Short web captions:
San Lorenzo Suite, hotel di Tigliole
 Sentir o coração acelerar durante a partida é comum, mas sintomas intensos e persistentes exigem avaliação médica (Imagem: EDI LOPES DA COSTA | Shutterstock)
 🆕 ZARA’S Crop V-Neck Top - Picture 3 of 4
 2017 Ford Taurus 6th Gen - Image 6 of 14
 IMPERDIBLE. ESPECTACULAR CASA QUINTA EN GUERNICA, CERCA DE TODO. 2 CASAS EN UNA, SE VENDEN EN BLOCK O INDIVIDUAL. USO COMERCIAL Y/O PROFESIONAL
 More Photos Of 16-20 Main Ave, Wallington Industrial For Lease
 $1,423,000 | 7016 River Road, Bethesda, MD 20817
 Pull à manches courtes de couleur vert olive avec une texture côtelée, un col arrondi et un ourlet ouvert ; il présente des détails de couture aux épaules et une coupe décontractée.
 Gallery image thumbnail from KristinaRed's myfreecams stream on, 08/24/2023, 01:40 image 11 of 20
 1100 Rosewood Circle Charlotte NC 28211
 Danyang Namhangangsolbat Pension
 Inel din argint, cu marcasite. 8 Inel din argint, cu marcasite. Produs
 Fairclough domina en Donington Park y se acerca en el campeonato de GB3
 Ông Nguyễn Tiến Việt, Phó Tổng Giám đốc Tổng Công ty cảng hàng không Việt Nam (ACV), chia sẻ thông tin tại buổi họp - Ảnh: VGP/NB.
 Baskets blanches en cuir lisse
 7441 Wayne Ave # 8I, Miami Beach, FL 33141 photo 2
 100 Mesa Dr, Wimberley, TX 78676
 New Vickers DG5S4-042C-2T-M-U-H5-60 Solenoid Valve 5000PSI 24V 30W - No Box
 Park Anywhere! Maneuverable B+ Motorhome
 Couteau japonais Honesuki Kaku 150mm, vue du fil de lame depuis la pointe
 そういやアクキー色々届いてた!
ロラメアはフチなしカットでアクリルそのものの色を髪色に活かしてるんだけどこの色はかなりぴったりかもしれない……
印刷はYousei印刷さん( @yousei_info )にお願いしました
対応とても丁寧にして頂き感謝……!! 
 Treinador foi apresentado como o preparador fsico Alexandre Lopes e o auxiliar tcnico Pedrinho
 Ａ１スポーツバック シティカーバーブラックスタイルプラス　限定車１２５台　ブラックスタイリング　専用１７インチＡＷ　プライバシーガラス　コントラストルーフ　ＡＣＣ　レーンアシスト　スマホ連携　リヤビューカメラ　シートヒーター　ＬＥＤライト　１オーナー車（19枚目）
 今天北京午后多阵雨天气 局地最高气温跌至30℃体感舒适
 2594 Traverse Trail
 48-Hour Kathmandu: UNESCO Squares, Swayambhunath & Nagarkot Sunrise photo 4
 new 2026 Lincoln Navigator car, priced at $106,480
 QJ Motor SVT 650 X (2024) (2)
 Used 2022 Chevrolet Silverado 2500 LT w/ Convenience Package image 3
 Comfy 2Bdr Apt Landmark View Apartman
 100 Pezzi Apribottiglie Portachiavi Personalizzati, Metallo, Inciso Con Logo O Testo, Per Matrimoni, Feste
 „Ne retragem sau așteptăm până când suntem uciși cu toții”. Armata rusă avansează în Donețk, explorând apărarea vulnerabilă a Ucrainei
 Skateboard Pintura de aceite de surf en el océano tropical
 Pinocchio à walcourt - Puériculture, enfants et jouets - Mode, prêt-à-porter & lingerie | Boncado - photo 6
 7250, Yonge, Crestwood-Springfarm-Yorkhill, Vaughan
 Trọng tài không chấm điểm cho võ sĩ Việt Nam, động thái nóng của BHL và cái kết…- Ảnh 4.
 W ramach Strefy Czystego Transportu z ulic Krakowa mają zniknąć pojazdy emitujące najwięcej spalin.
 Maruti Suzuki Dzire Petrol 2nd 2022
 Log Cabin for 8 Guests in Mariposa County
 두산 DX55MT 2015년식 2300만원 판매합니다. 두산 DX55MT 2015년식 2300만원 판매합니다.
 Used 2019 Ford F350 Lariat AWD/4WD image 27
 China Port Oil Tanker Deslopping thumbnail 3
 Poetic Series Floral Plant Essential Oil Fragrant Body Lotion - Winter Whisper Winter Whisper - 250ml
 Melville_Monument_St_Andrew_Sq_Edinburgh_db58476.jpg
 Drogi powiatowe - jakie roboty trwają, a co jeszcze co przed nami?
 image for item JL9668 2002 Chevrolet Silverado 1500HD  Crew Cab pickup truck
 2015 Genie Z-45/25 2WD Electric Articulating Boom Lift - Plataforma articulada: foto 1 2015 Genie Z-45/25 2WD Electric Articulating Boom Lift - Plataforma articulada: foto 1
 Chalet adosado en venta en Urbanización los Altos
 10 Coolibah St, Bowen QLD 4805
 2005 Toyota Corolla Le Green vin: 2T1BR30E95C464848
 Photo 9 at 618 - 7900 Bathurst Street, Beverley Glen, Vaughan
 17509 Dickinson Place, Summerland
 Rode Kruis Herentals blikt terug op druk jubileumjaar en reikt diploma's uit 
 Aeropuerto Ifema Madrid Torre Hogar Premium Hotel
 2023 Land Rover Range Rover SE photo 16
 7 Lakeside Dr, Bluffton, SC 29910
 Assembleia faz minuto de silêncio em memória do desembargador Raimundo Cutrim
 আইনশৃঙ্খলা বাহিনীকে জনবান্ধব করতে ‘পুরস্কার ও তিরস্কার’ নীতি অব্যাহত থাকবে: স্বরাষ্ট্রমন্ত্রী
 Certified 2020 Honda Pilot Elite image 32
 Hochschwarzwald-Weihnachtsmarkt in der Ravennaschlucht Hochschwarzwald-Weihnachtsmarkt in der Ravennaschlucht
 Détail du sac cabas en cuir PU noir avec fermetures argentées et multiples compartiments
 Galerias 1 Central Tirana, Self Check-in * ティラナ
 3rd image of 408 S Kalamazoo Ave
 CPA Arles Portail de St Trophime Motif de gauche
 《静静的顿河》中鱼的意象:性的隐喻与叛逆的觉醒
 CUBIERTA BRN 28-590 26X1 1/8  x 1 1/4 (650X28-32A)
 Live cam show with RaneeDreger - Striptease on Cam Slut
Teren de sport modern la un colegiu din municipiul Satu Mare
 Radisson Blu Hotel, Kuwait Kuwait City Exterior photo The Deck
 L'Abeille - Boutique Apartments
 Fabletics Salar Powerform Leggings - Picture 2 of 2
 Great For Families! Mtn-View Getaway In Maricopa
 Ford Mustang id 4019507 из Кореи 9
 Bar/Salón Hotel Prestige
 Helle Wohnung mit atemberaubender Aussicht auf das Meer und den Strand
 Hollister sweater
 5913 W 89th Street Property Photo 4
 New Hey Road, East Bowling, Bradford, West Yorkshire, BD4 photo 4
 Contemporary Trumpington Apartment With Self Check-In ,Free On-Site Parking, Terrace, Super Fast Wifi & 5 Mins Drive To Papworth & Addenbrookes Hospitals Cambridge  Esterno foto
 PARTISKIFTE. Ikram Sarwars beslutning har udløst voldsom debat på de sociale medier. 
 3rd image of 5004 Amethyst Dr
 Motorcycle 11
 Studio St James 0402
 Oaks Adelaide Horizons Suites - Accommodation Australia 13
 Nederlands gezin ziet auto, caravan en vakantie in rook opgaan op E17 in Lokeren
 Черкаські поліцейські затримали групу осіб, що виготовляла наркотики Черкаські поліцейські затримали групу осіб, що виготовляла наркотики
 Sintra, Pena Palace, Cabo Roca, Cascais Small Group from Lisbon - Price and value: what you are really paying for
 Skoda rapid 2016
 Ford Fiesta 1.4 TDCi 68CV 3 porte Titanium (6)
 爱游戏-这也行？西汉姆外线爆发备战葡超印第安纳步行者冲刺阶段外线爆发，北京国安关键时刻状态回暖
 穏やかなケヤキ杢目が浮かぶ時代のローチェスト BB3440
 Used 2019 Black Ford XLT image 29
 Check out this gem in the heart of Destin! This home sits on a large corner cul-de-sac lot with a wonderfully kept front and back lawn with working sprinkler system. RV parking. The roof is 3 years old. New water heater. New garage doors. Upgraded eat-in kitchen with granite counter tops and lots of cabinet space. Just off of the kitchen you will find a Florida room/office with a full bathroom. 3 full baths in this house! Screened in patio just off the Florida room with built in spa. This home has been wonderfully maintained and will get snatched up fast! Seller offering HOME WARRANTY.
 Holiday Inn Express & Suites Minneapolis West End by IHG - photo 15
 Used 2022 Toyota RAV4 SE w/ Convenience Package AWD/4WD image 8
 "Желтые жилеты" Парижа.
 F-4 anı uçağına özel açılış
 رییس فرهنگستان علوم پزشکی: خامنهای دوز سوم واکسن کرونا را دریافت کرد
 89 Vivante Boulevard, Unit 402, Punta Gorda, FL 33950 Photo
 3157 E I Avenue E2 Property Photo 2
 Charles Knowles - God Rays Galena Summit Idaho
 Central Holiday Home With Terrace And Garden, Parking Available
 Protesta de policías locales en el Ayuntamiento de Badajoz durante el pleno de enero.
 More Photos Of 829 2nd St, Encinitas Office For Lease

→ **WHAT YOU SHOULD DO**
Verbatim output is expected for the lines from the start of the data to the line in which "Danyang Namhangangsolbat Pension" appears, both included.

→ **SOLUTION TO THIS EXERCISE**
San Lorenzo Suite, hotel di Tigliole
 Sentir o coração acelerar durante a partida é comum, mas sintomas intensos e persistentes exigem avaliação médica (Imagem: EDI LOPES DA COSTA | Shutterstock)
 🆕 ZARA’S Crop V-Neck Top - Picture 3 of 4
 2017 Ford Taurus 6th Gen - Image 6 of 14
 IMPERDIBLE. ESPECTACULAR CASA QUINTA EN GUERNICA, CERCA DE TODO. 2 CASAS EN UNA, SE VENDEN EN BLOCK O INDIVIDUAL. USO COMERCIAL Y/O PROFESIONAL
 More Photos Of 16-20 Main Ave, Wallington Industrial For Lease
 $1,423,000 | 7016 River Road, Bethesda, MD 20817
 Pull à manches courtes de couleur vert olive avec une texture côtelée, un col arrondi et un ourlet ouvert ; il présente des détails de couture aux épaules et une coupe décontractée.
 Gallery image thumbnail from KristinaRed's myfreecams stream on, 08/24/2023, 01:40 image 11 of 20
 1100 Rosewood Circle Charlotte NC 28211
 Danyang Namhangangsolbat Pension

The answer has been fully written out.